◆ **Supplied material**:
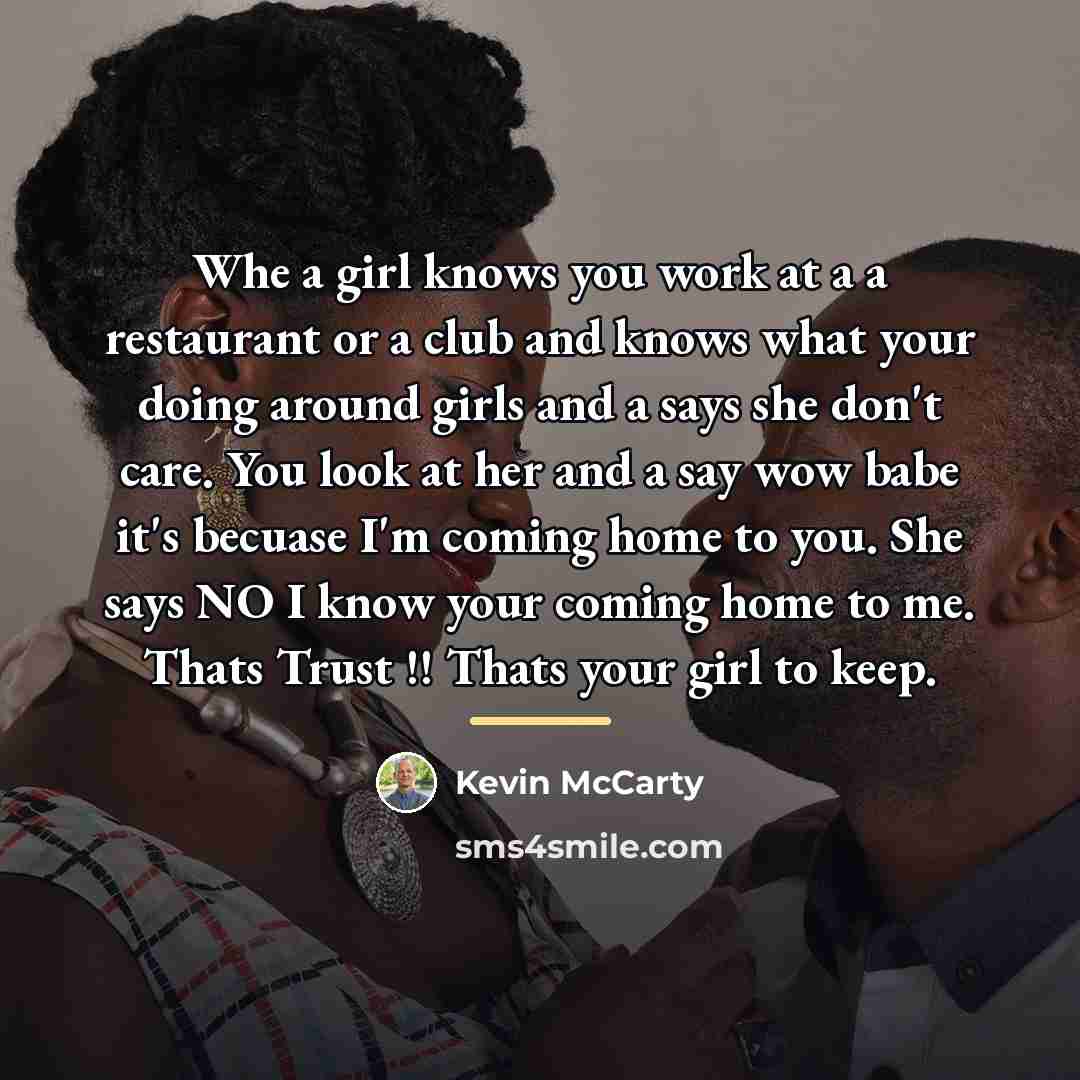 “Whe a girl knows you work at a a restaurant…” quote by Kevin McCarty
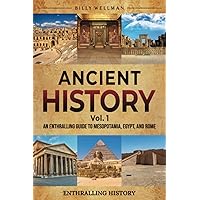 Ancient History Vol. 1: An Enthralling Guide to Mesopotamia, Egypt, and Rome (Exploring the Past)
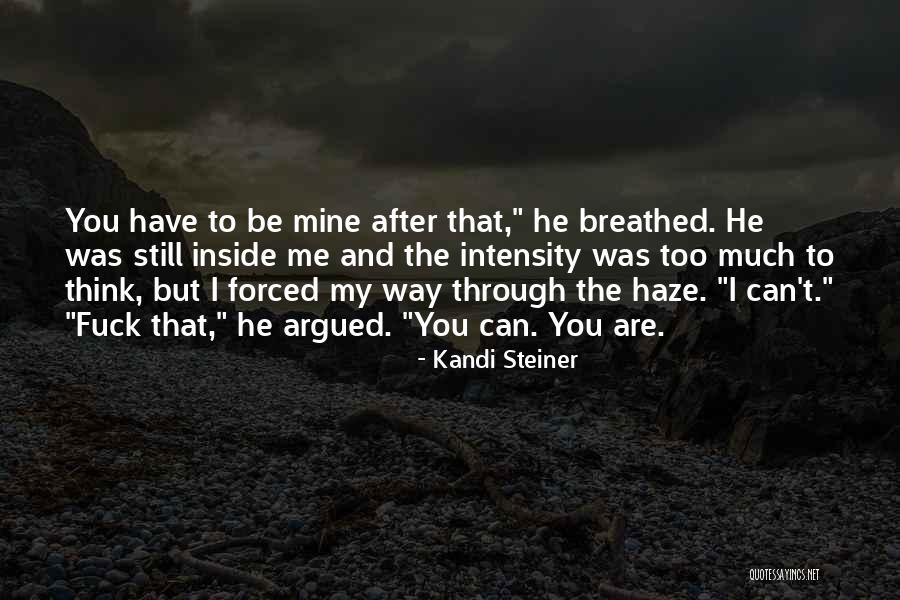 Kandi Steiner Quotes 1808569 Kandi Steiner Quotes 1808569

◆ **Task details**: It would help to have the listing above repeated exactly, with all images removed.

◆ **Solution to this problem**:
 “Whe a girl knows you work at a a restaurant…” quote by Kevin McCarty
 Ancient History Vol. 1: An Enthralling Guide to Mesopotamia, Egypt, and Rome (Exploring the Past)
 Kandi Steiner Quotes 1808569 Kandi Steiner Quotes 1808569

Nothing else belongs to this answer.